[Work instructions]: Please return the full listing word for word, leaving out any pictures.

[Data to use]:

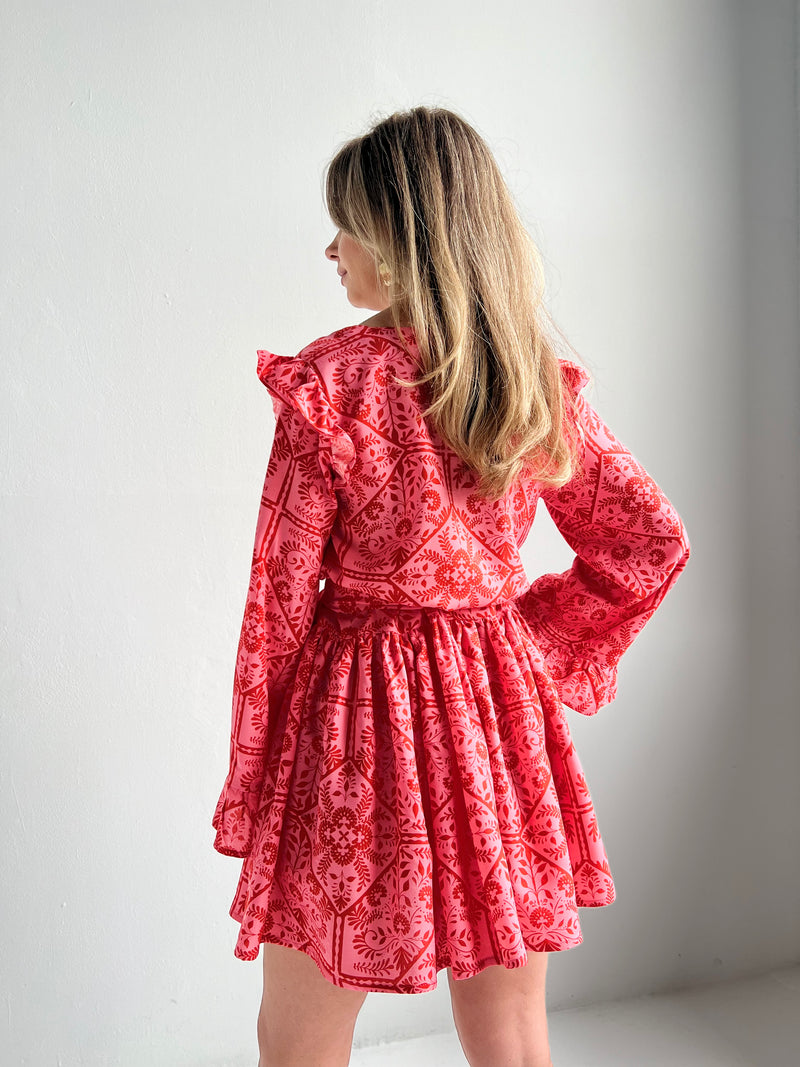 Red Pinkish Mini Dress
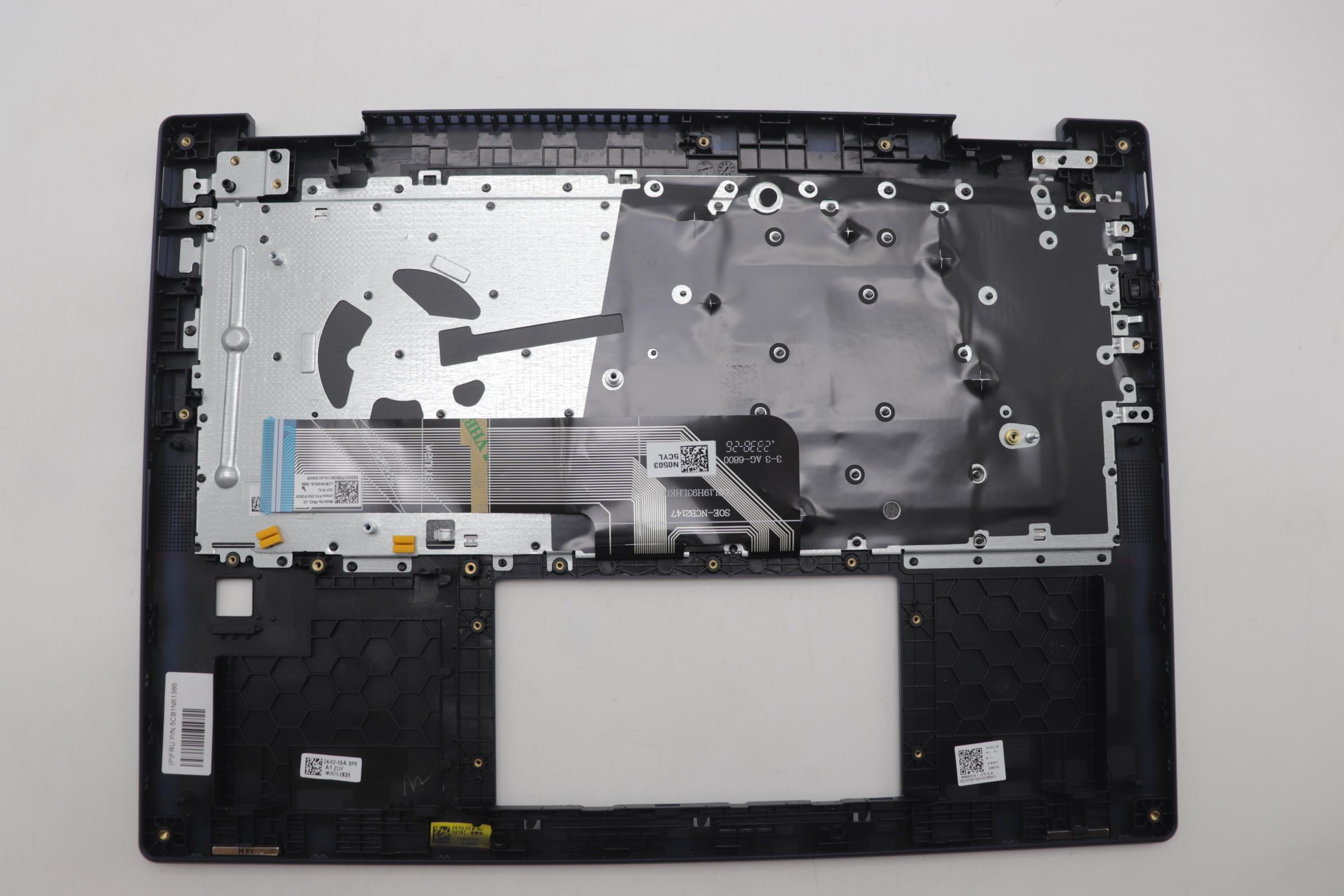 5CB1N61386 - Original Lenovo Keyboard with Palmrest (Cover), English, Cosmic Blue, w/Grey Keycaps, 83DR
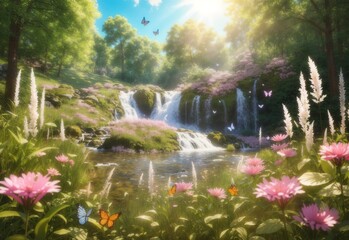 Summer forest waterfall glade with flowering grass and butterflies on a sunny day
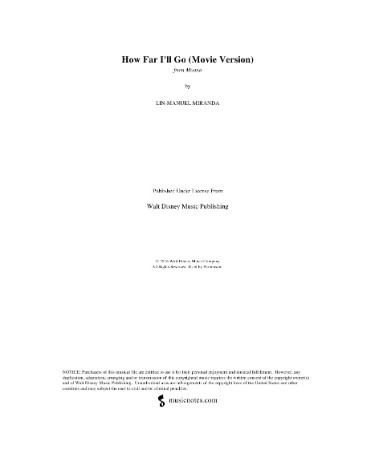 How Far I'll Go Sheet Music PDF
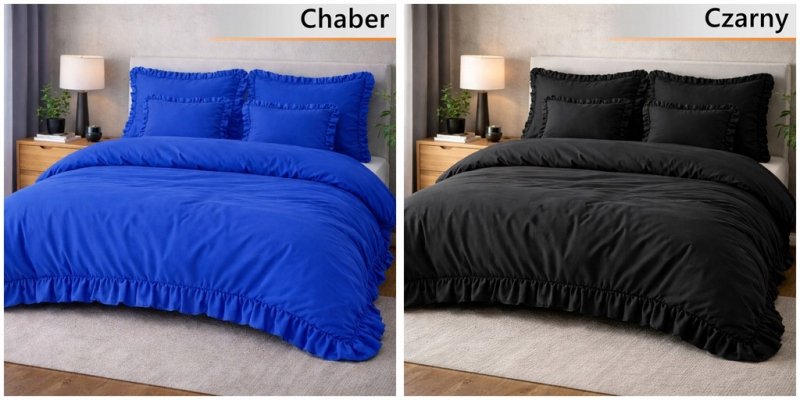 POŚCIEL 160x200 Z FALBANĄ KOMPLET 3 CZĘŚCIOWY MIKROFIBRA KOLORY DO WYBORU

[Reply to the exercise]:
 Red Pinkish Mini Dress
 5CB1N61386 - Original Lenovo Keyboard with Palmrest (Cover), English, Cosmic Blue, w/Grey Keycaps, 83DR
 Summer forest waterfall glade with flowering grass and butterflies on a sunny day
 How Far I'll Go Sheet Music PDF
 POŚCIEL 160x200 Z FALBANĄ KOMPLET 3 CZĘŚCIOWY MIKROFIBRA KOLORY DO WYBORU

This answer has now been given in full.